La Scena Musicale (The Music Scene)
- English-language cover of La Scena Musicale Vol. 28 Iss. 6, 2023
- Publisher & Editor: Wah Keung Chan
- Categories: Music magazine
- Frequency: Bi-monthly
- Circulation: 25,000
- First issue: September 1996
- Country: Canada
- Based in: Montreal
- Language: English and French
- Website: myscena.org; scena.org (old portal); ;
- ISSN: 1703-8189
- OCLC: 50928510

= The Music Scene (magazine) =

Canadian magazine dedicated to promoting classical music

The Music Scene (Italian: La Scena Musicale) is a Canadian bilingual quarterly magazine that promotes classical music in Canada. The magazine was established by Wah Keung Chan in September 1996. Each issue contains a comprehensive calendar of concerts, CD, DVD and book reviews, interviews with musicians as well as feature articles on the local, national and international classical music scenes.

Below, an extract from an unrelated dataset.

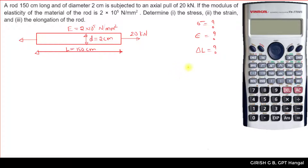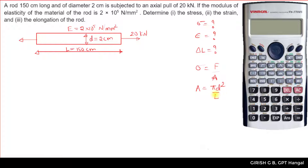First we will find out the stress. The formula is: sigma is equal to force divided by area. The force is 20 kN. For the area, since we have been given the diameter, this is a circular rod, so the area for a circular cross section is equal to π D² divided by 4.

It is a free magazine published at least six times a year. 42,000 copies are distributed in total: 18,000 in Ontario, 5,000 copies each in Winnipeg, Edmonton and Calgary, and 9000 copies in British Columbia.

La Scène musicale/The Music Scene is their all-English version of the magazine, while their free monthly magazine is bilingual (English & French). The English version was started in 2002.

The Music Scene is non-profit and has both an online and printed version which is distributed across Canada with emphasis in the Montreal, Quebec City and Ottawa-Gatineau regions. Copies are also sent to music schools and record stores. An electronic version is available on their website.

In 2021, the magazine launched its new online portal, mySCENA.

== The Next Great Art Song ==
In July 2015, La Scena Musicale launched a Canadian art song competition called The Next Great Art Song to promote vocal music. The competition has two phases. The first is a month-long survey of musicologists, theorists, music critics, and performers from Canada and around the world on the topic of their three favourite art songs. The second phase is an art song composition competition for Canadian composers, which will be evaluated by experts and the public.

Following the completion of the two phases, the top ten favourite art songs from the first phase and the top ten submissions from the composition competition will be featured in a gala concert of Canadian musicians, the location of which is still to be determined.